At the beginning of the school year, the English language learner (ELL) teacher reviews the home language survey. If parents note that another language is spoken at home, the student might receive English language learner services. This also means there is a chance the parents do not speak English. As the ELL population continues to grow, so does the number of parents whose native language is not English.
It is crucial for all parents, regardless of their native language, to have timely communication with the school. Unfortunately, that timely communication may come at the expense of some school employees. Since many schools with ELLs have a large number of Spanish-speaking ELLs, school leaders tend to try and hire staff members who are bilingual in Spanish and English. Many times this person is not the ELL teacher or ELL assistant. They may have been hired to teach science or math but find themselves being called upon to be last-minute translators or interpreters.

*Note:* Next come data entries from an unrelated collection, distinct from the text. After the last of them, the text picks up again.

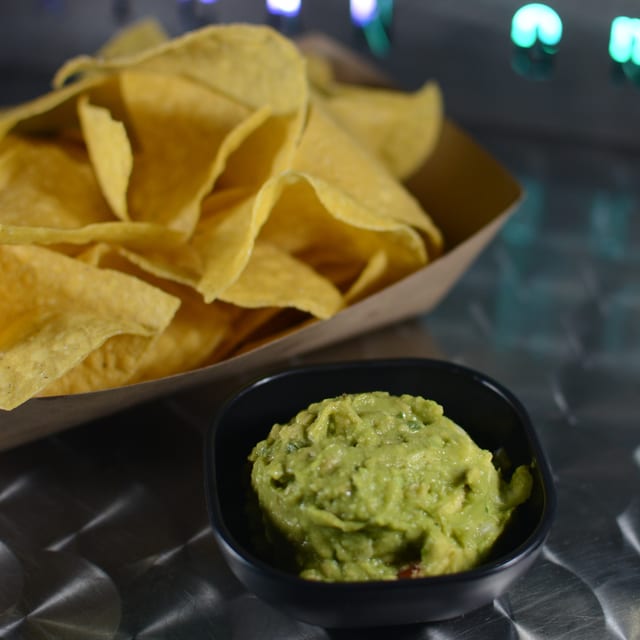 Chips & Guac.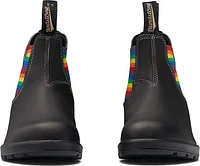 Blundstone 2105 - Original Black With Rainbow Elastic Contrast Stitching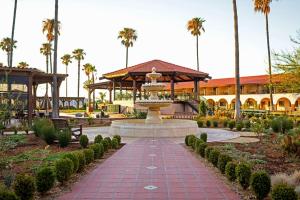 Hotel Mission De Oro - About Your Stay
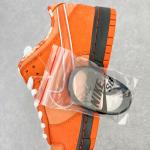 Nike SB Dunk Low x Concepts "Orange Lobster"
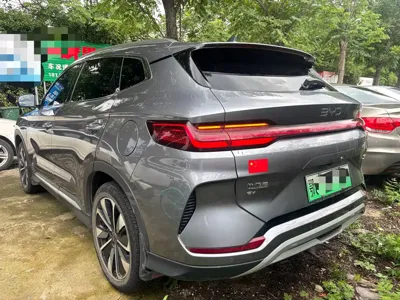 BYD PLUS New Energy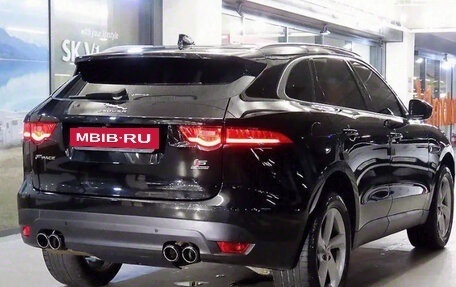 Jaguar F-Pace, 2020 год, 2 460 000 рублей, 4 фотография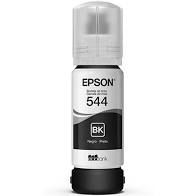 TINTA EPSON T544120 T544 PRETO | L3150 L3110 L5190 5190 3150 3110 | Original 70ML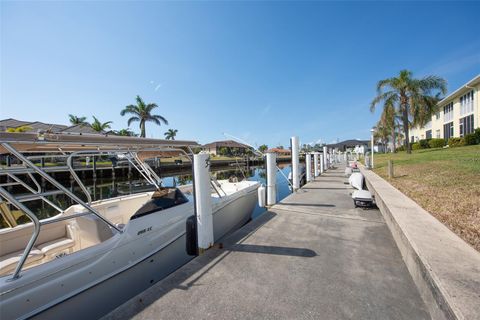 A home in PUNTA GORDA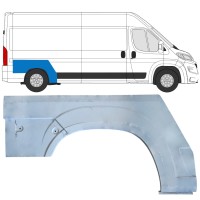 Bok delni za Opel Movano 2021-2026 / Desna 16951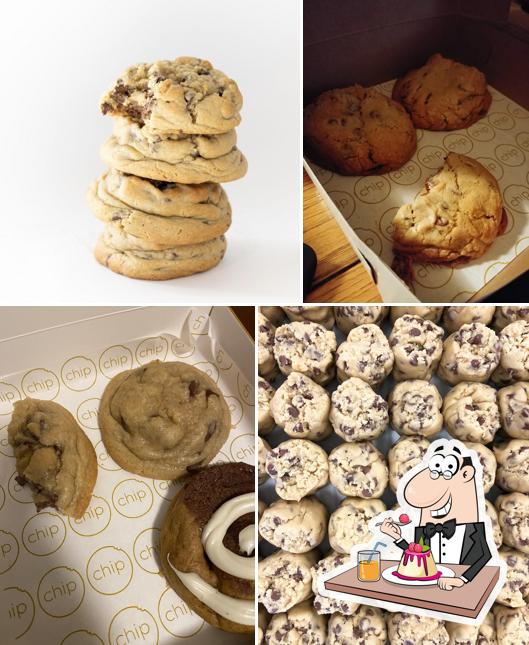 Chip Cookies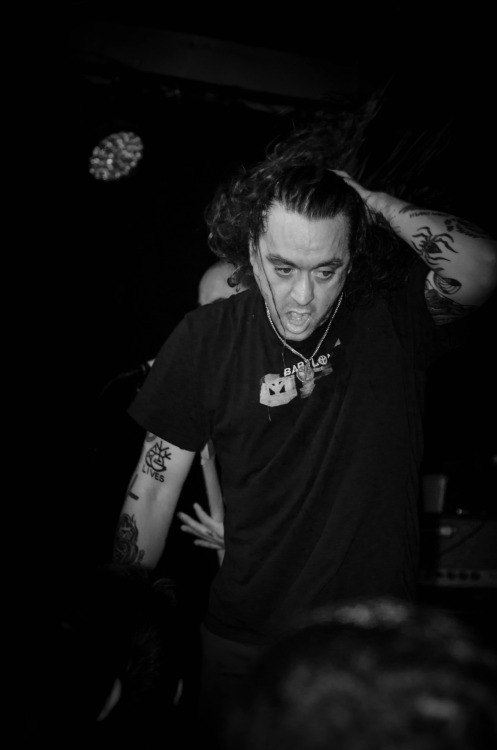 Trash Talk 10/30/16 Middle East Upstairs Instagram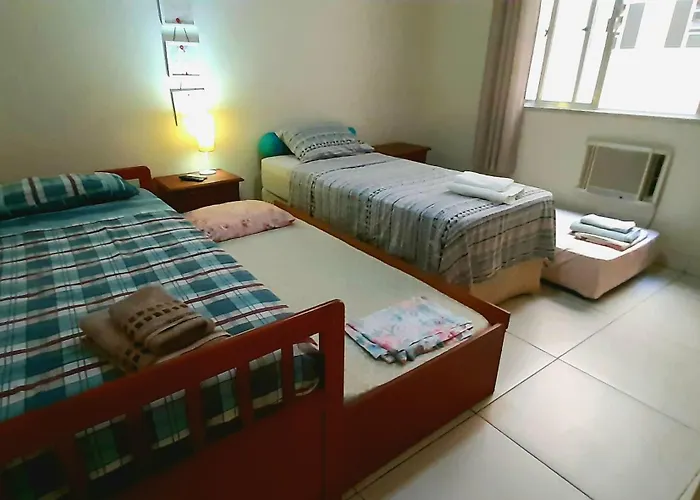 Copacabana Beach Guesthouse Rio de Janeiro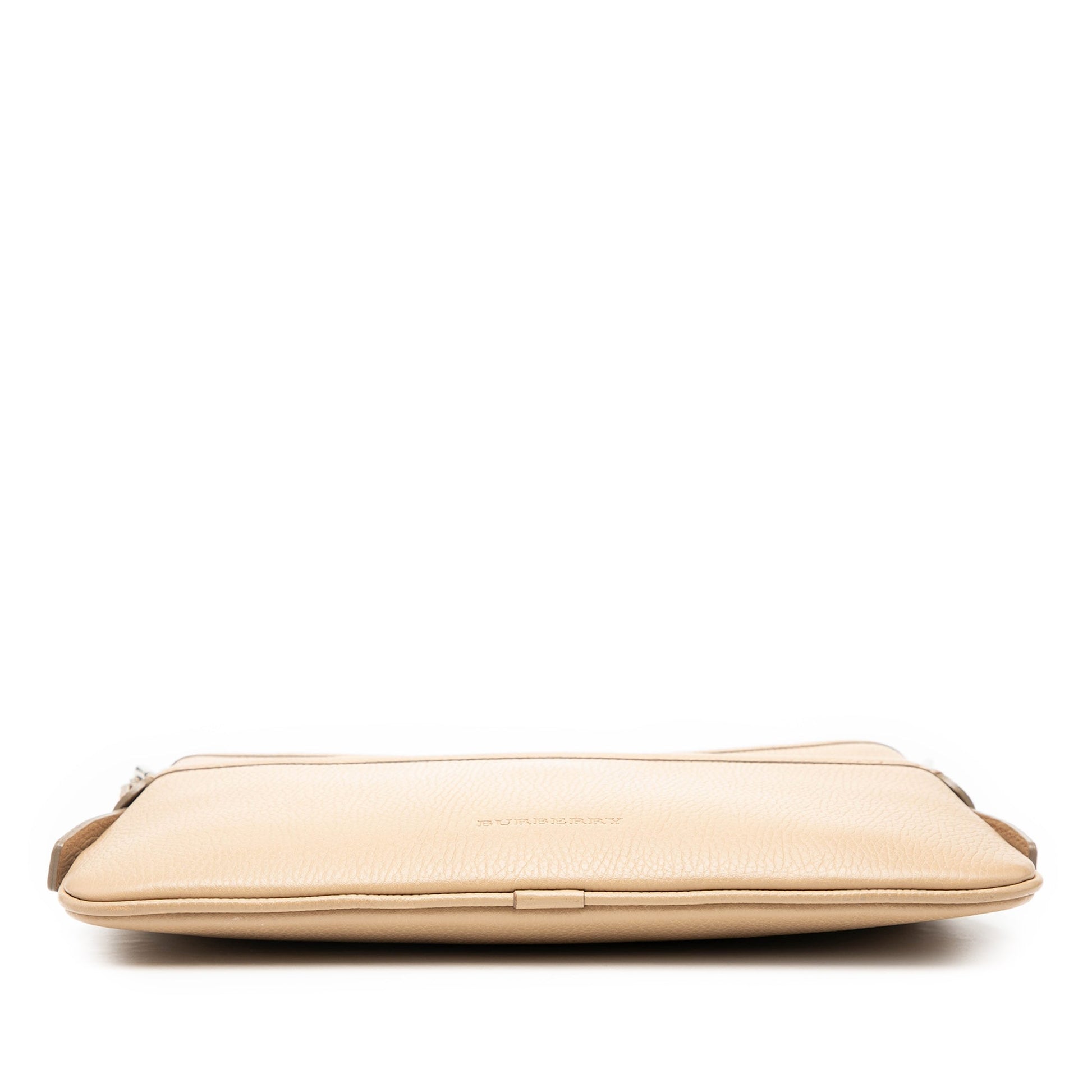 Burberry Leather Shoulder Bag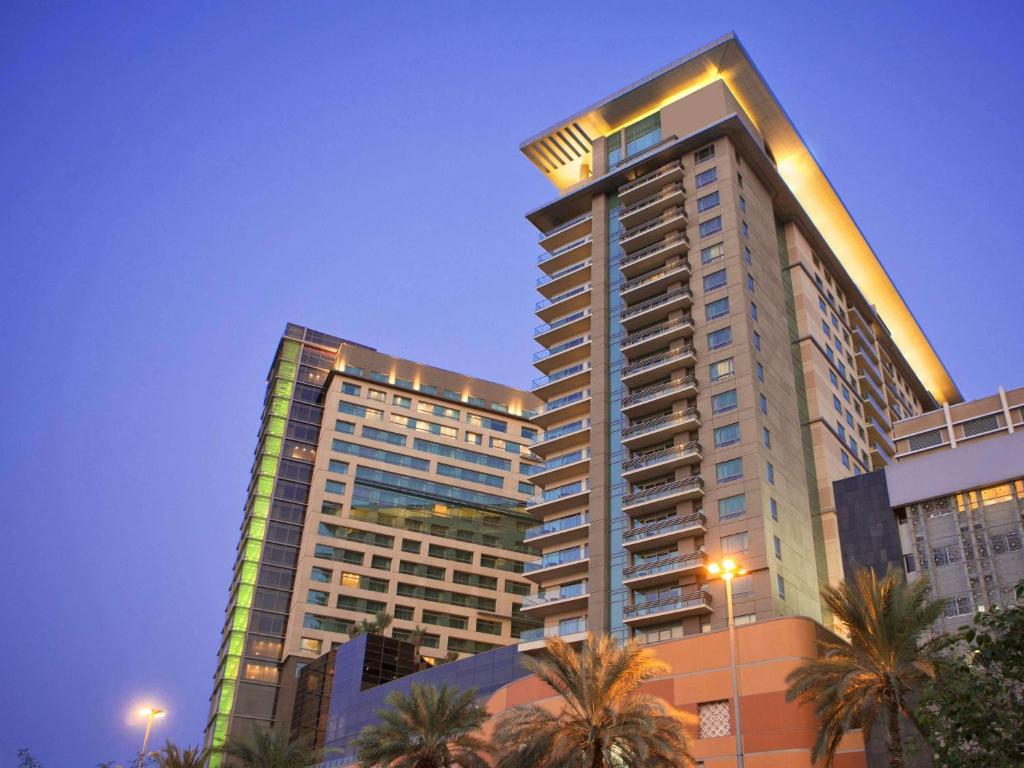 Swissôtel Living Al Ghurair Dubai - Deira - Apartments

Often, the staff member will translate or interpret with little to no notice because they care deeply about ensuring the Spanish-speaking families receive the information they need. These last-minute requests take away from the job they were hired to do. If bilingual Spanish and English-speaking teachers are asked to interpret and translate, they should be compensated for that extra work. They should not be required to interpret or translate for free.
September 15 – October 15 is Hispanic Heritage Month. It is nice to highlight the Hispanic teachers on the school’s Facebook page. However, if those teachers are bilingual and asked to interpret or translate for free, the better way to celebrate is to compensate them. In addition to compensation, clear guidelines should be shared with the staff about how they will use bilingual speaking staff. Calling them while they are driving home from school to hop on a call is not okay.
Respect them as professionals and pay them for interpreting and translating. Being bilingual shouldn’t be a burden of fearing getting used for free.